#### Provided material
========================
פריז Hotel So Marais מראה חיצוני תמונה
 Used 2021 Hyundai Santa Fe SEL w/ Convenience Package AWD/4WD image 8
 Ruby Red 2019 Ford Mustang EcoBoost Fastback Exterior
========================
#### Your objective
Set down, exactly and completely, all of the material.

#### Written answer
פריז Hotel So Marais מראה חיצוני תמונה
 Used 2021 Hyundai Santa Fe SEL w/ Convenience Package AWD/4WD image 8
 Ruby Red 2019 Ford Mustang EcoBoost Fastback Exterior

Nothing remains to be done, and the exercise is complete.